Airbus’s A380 double-decker airliner has received another blow, as the Australian flag carrier Qantas announced Thursday that it was formally cancelling a longstanding order for eight of the craft.
The order was placed in 2006. Qantas, which already has a dozen A380s in its fleet that it plans to refurbish, said in a statement reported by Reuters that “these [eight] aircraft have not been part of the airline’s fleet and network plans for some time.”
Last month, Hong Kong Airlines cancelled an order for 10 A380s, and Emirates is also reportedly looking at switching 20 orders from the A380 to the smaller A350.
The Emirates move would be a particularly harsh blow for the A380 program, as Dubai’s airline last year essentially saved the A380 by pledging to order three dozen of them. Airbus needs to build at least six of the craft a year if the production line is to remain efficient, so now the whole program is in doubt.

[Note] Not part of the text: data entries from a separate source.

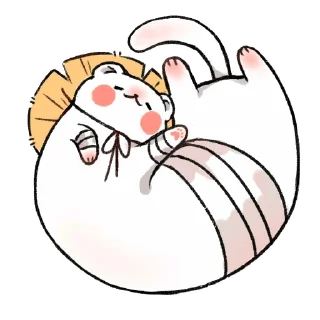 ⭕️ emoji Ferret Dianxia🍥 Telegram sticker 22 of 92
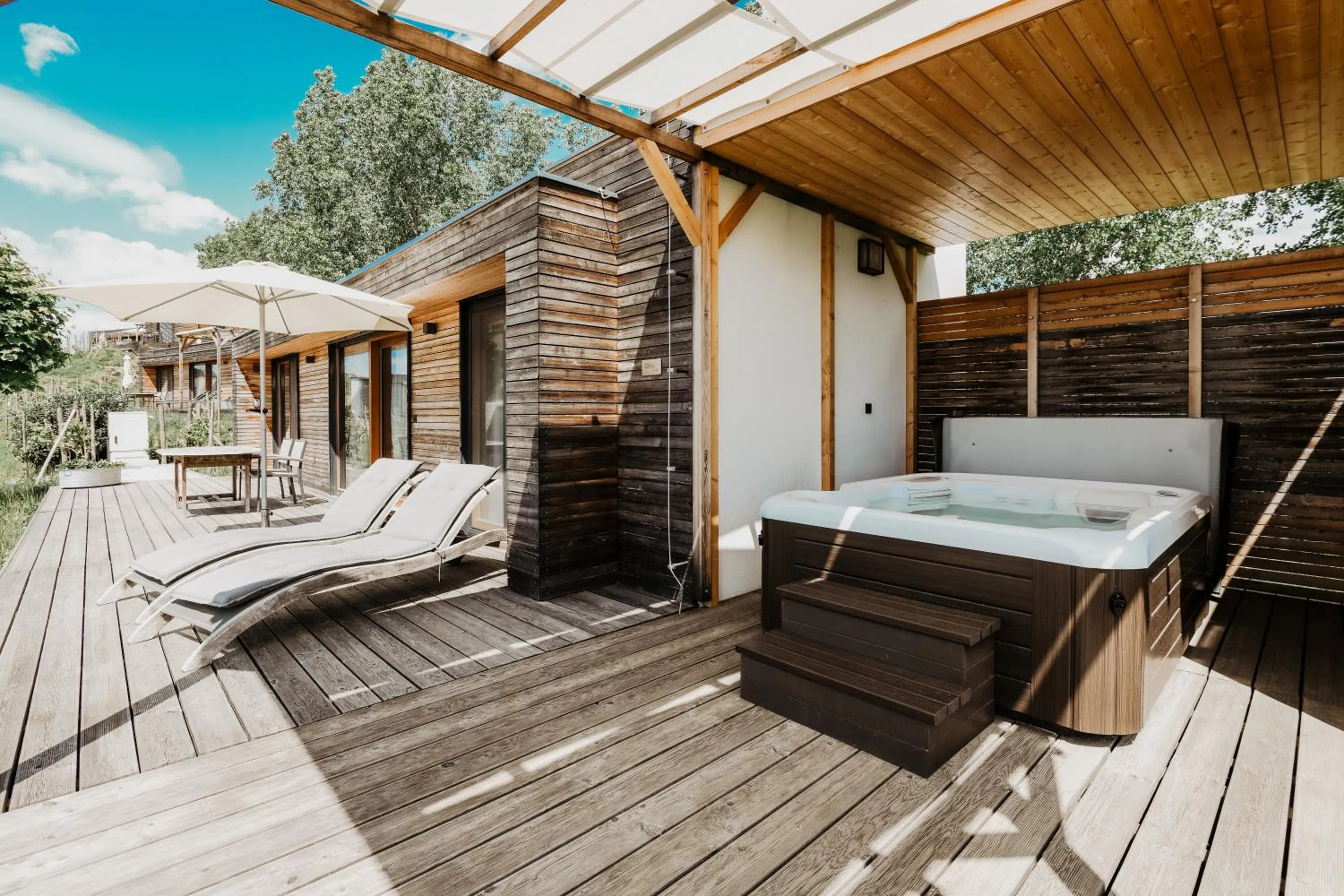 Hot Tub in Weingarten-Resort Unterlamm Loipersdorf - ADULTS ONLY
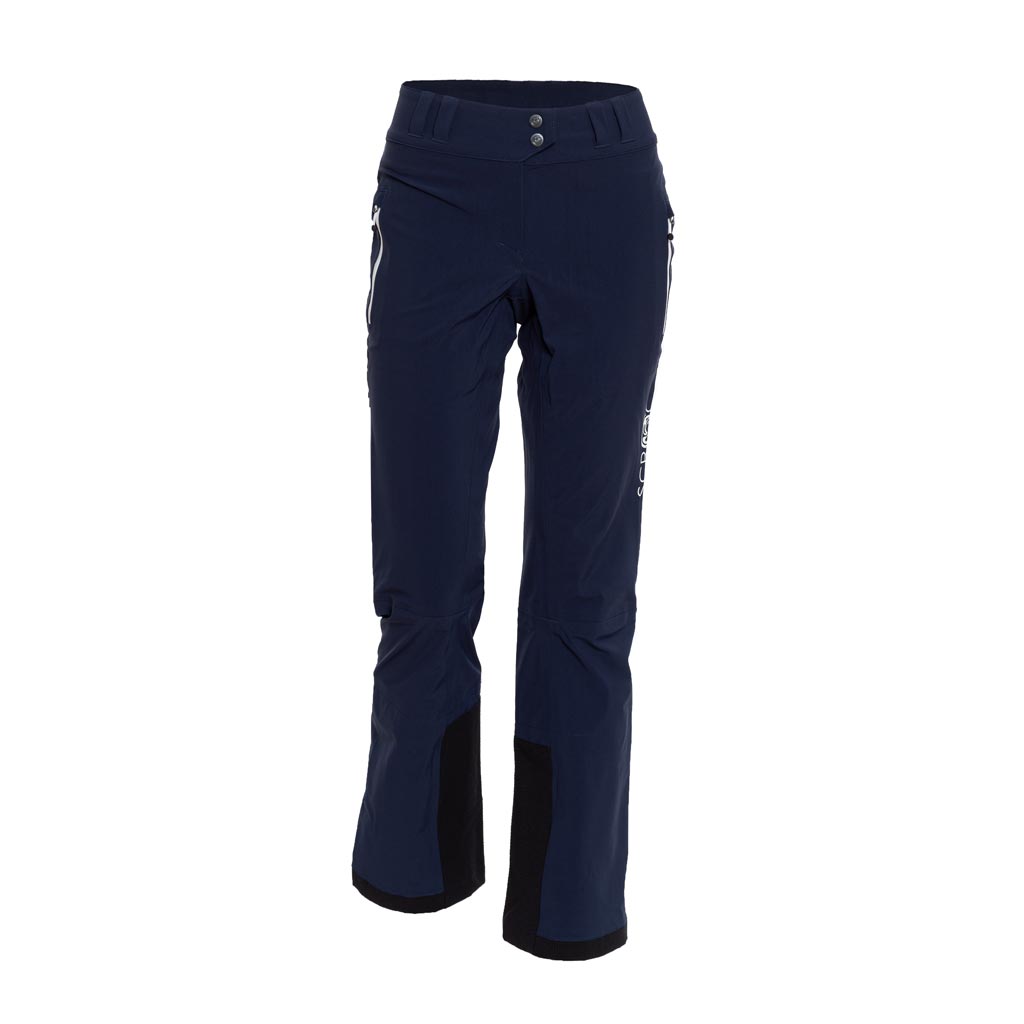 sMerinoshell Hose Selo w dunkelblau Damen von SCROC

The issue with the A380 is that, because it’s so big, it costs a fortune to run. That makes it viable only for fully-booked flights, and a worse option than smaller craft that give carriers more flexibility in their deployment.
As Qatar Airways CEO Akbar Al Baker said last week in an Airline Ratings interview: “The A380 was a game changer, but maybe it came at the wrong time with the fuel prices skyrocketing after its introduction. As an aircraft, it is very well suited for routes that require high capacity [but] to me, this aircraft is very heavy, has very high fuel consumption, and that’s because the aircraft structure was built for a stretch.”